[TRY IT]: Could you output, word for word, only the lines from the line with "Lamborghini Urus Оранжевый" to the end of the entries, including both ends? Omit the pictures.

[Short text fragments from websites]
○ ○ ○ ○

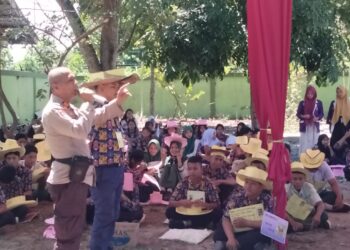 Polsek Pangkalan Kuras Gelar Penyuluhan Bahaya Kenakalan Remaja di SMA Negeri 01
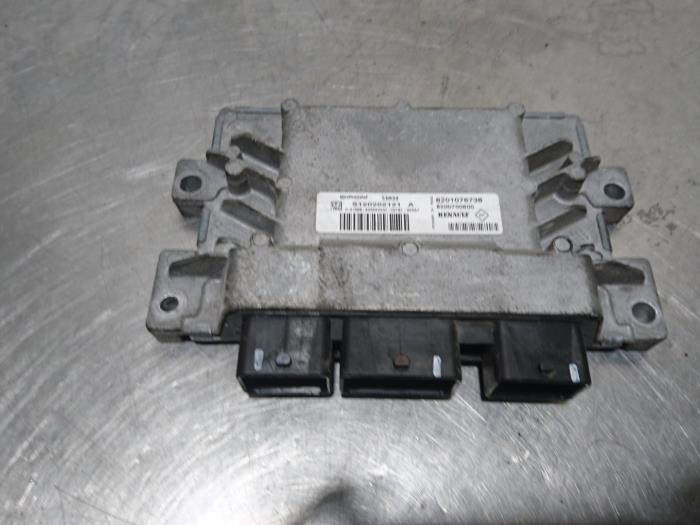 Gebruikte Computer Motormanagement Renault Twingo II (CN) 1.2 16V Prijs € 52,50 Margeregeling aangeboden door Autoparts Pater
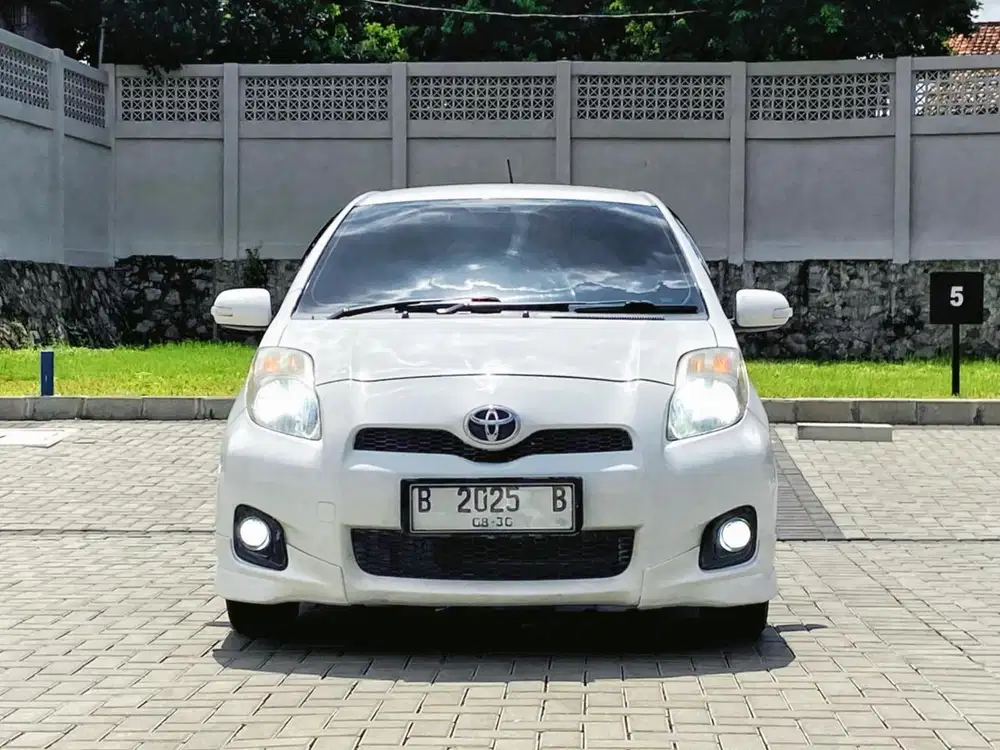 YARIS BAPAO 1.5 TYPE S LIMITED AT BENSIN 2013 PUTIH KEYLESS JARANG ADA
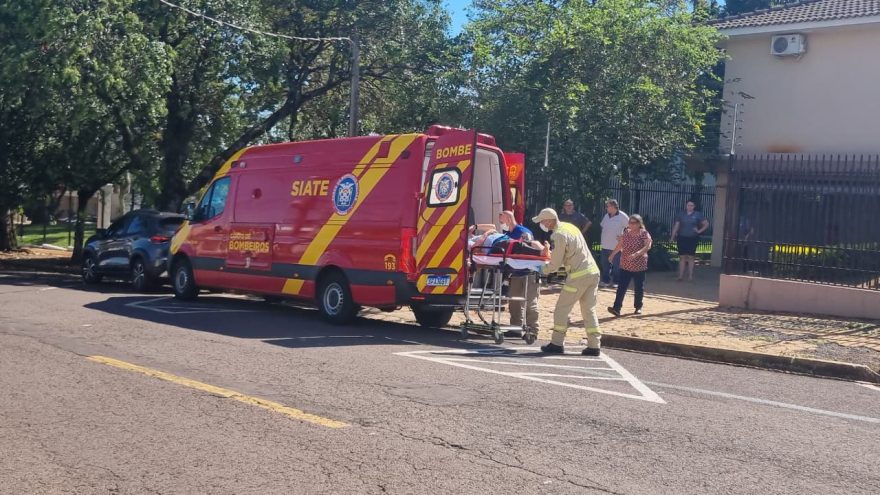 Idoso sofre queda ao descer escada em residência no Parque São Paulo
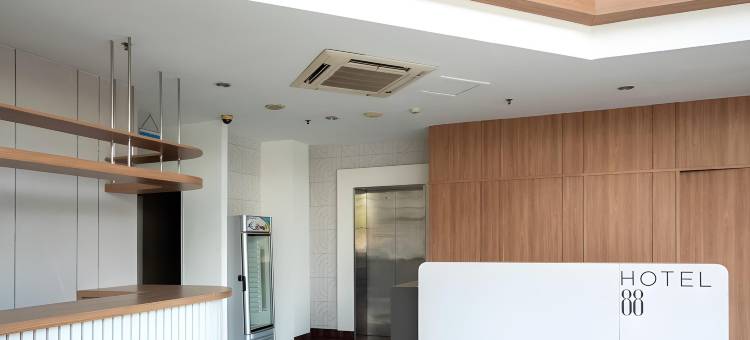 88克多亚酒店(Hotel 88 Kedoya Jakarta)图片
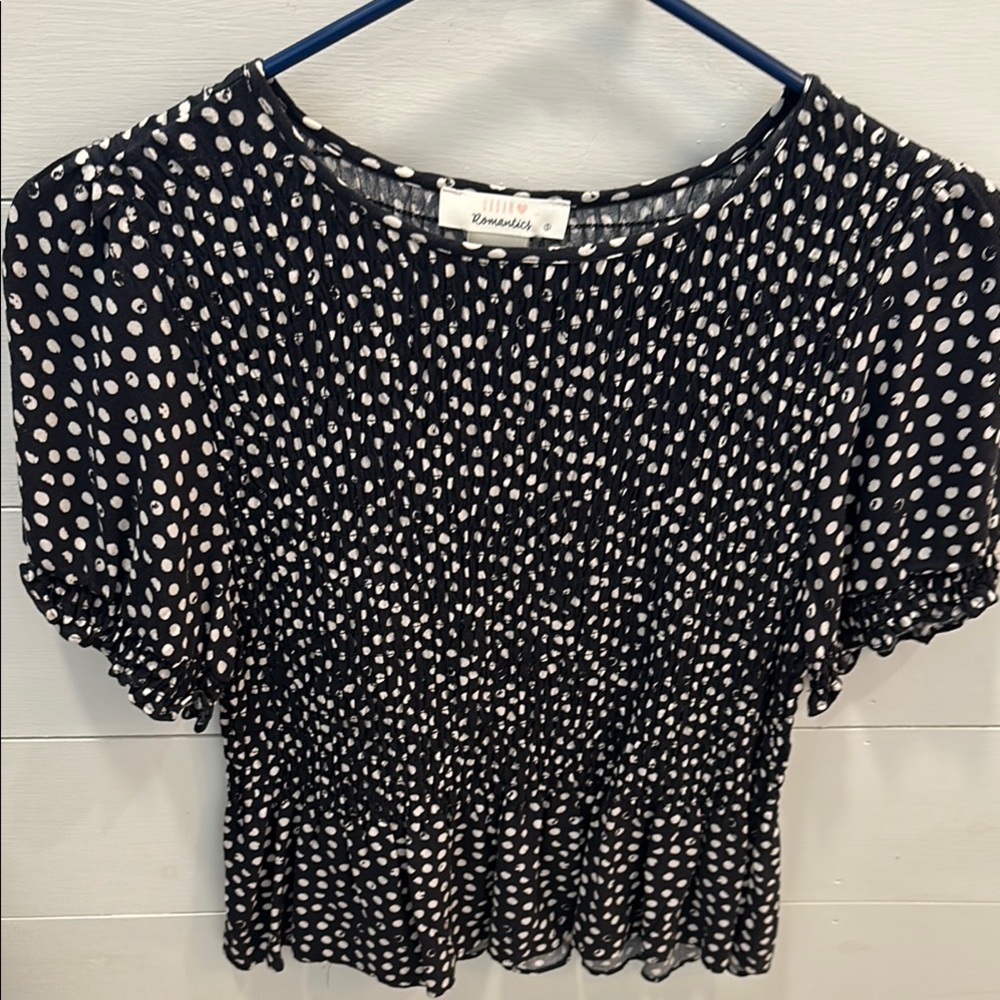 URBAN Romantics Black and White Smocked Puff Sleeve Blouse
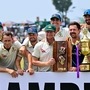 ట్రోఫీతో ఆస్ట్రేలియా ఆటగాళ్లు ట్రోఫీతో ఆస్ట్రేలియా ఆటగాళ్లు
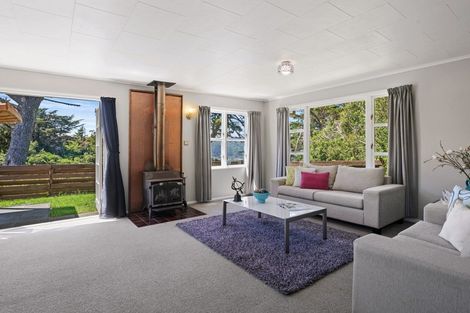 Photo of property in 120 Miromiro Road, Normandale, Lower Hutt, 5010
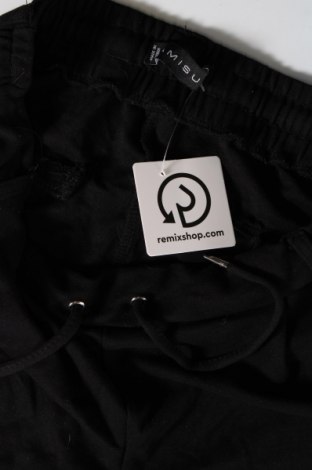 Γυναικείο κοντό παντελόνι Amisu, Μέγεθος M, Χρώμα Μαύρο, Τιμή 11,75 €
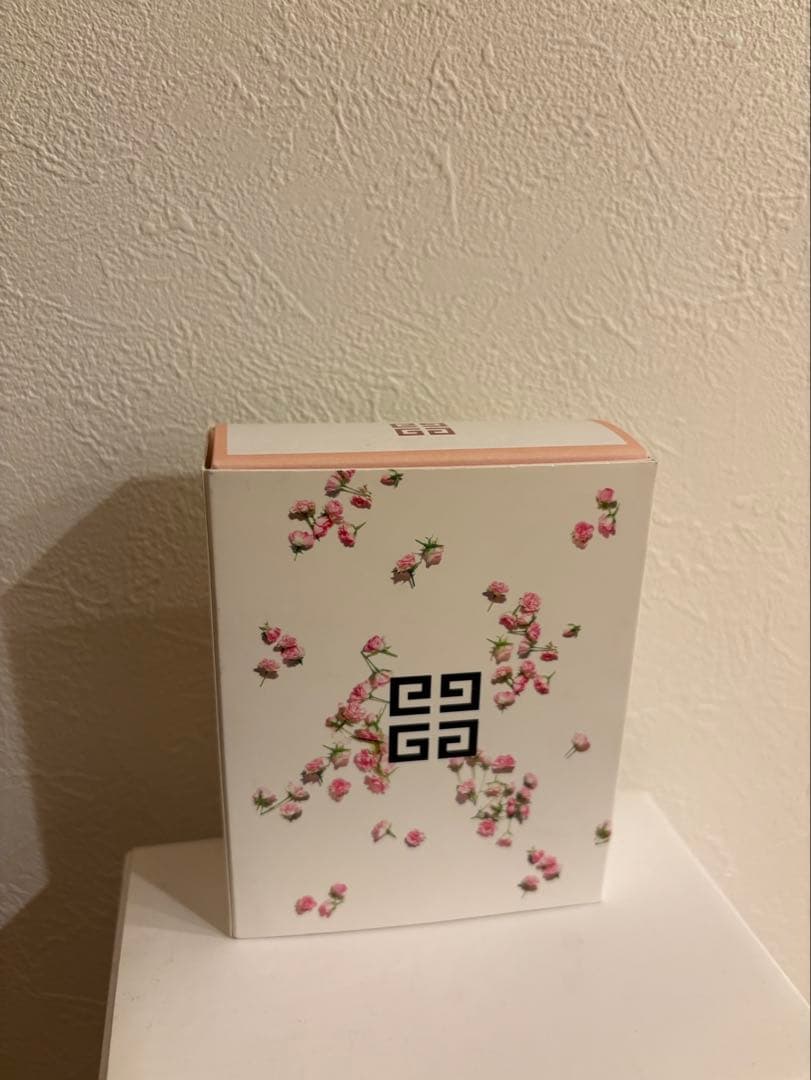 香水(女性用) GIVENCHY IRRESISTIBLE Eau de toilette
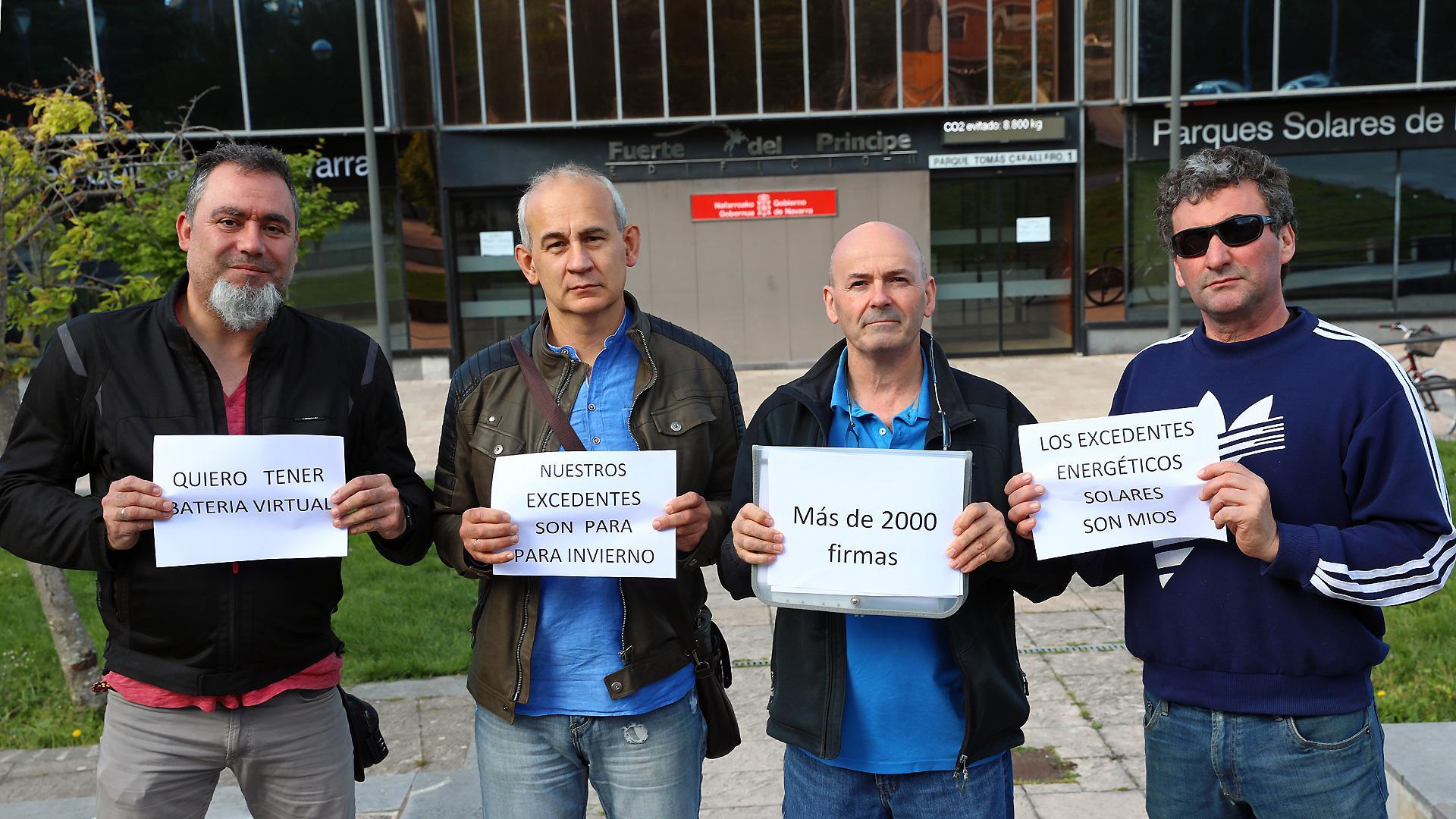 Impulsores de la campaña entregaron las firmas en la dirección general de Industria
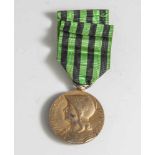 Medaille, Frankreich, Deutsch-Französischer Krieg 1870/71, gestiftet an B. Ouvrier. An grün-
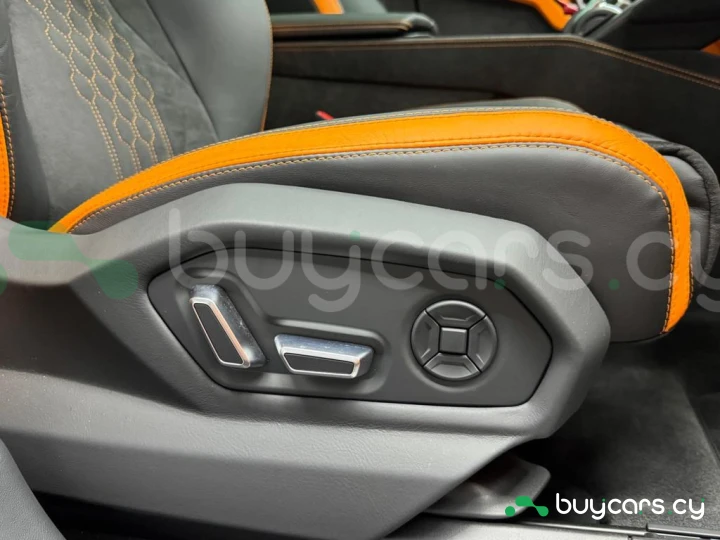 Lamborghini Urus Оранжевый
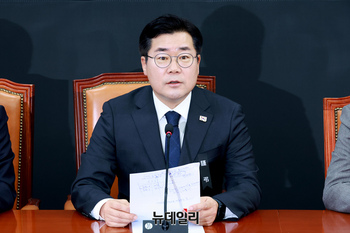 [포토] 정책조정회의서 발언하는 박찬대 민주당 원내대표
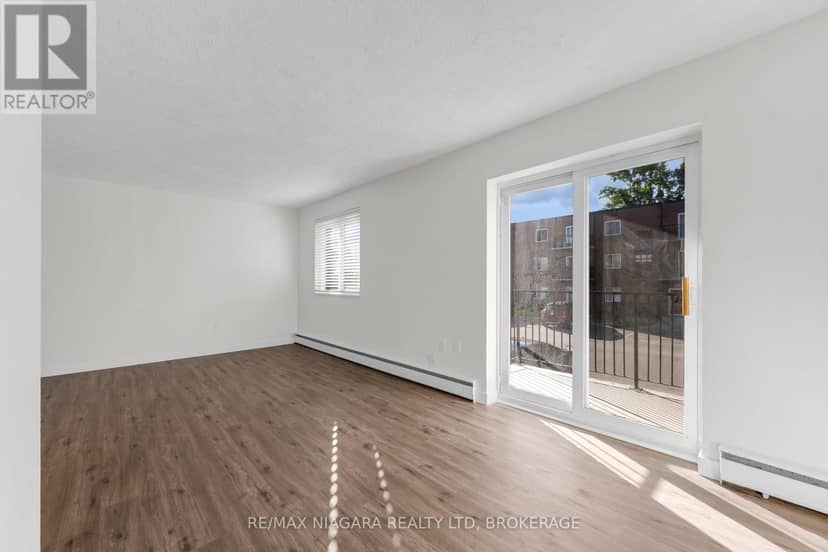 25 - 452 Carlton Street — photo 12 of 24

○ ○ ○ ○

[WORKED SOLUTION]:
 Lamborghini Urus Оранжевый
 [포토] 정책조정회의서 발언하는 박찬대 민주당 원내대표
 25 - 452 Carlton Street — photo 12 of 24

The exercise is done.